As a constituent of Charlottesville City, alum of Albemarle County Schools, sexual/domestic violence preventionist, and queer adult, I wholeheartedly disagree with the proposed changes to this policy. Transgender students deserve to be safe.
Having one’s name and pronouns accepted is a well-researched method of lowering suicide risk in transgender youth (Bailey et al., 2014; Bauer et al., 2015a; Haas et al., 2011; SPRC, 2008).
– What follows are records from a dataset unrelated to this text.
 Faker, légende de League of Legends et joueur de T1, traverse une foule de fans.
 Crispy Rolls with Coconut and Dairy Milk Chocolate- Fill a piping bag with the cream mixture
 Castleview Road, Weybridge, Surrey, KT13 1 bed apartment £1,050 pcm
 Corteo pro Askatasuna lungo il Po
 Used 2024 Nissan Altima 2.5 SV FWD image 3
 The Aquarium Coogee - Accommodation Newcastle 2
Forcing staff to only use a students' legal name/deny them access to school bathrooms will negatively affect the mental health of both parties (the student, for being denied such a basic right as to be called what they want to be called, and the staff for being mandated to break trust with a student). The policy also creates pointless issues for non-transgender students - in my middle school class in Virginia, several students went by nicknames that had nothing to do with their legal names ("Carrie" went by "Morgan", Xiang Zhi went by "John"). This policy puts an undue burden of cost, time, and money on parents and youth to legally change the child's name in order for them to be identified appropriately on the day-to-day.
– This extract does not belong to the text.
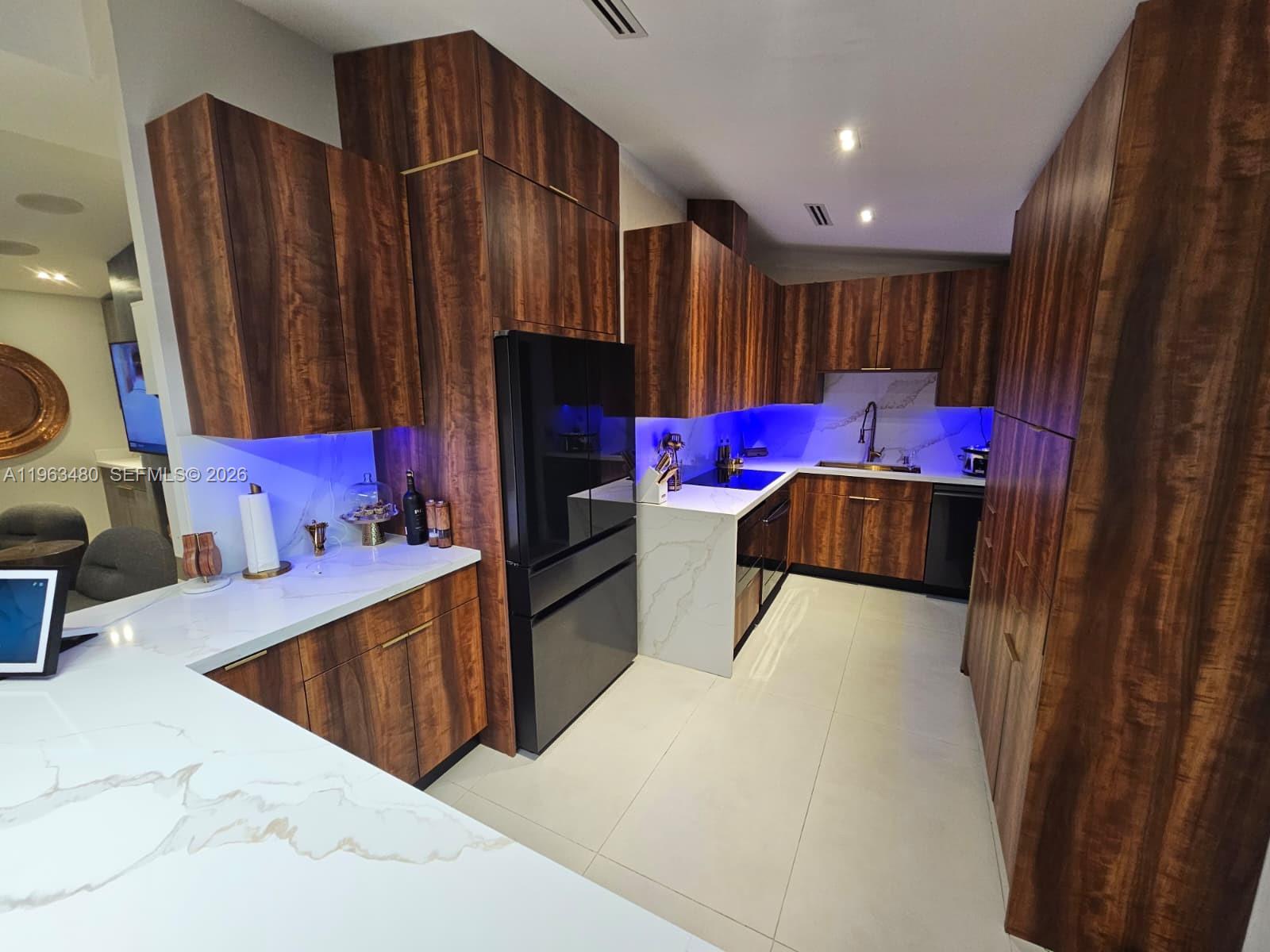 LAUDERDALE ISLES NO 2 - Residential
Single-stall bathrooms are few and far between, especially in rural counties where all students might attend a single middle or high school; facilities such as stadiums and locker rooms; or campuses that are spread across multiple buildings. Policies that state transgender and nonbinary youth can only access single-stall bathrooms or else be forced to use bathrooms aligned with assigned sex is therefore an access issue.
Mandating staff to out students to their parents puts youth at risk for abuse from unaffirming family members. The harm from this action can be anything from the guardians pulling the student from school counseling, to kicking them out of the home entirely, to physical abuse, suicide, or even murder of the child.
Children thrive when they feel safe in schools - all changes should be rejected.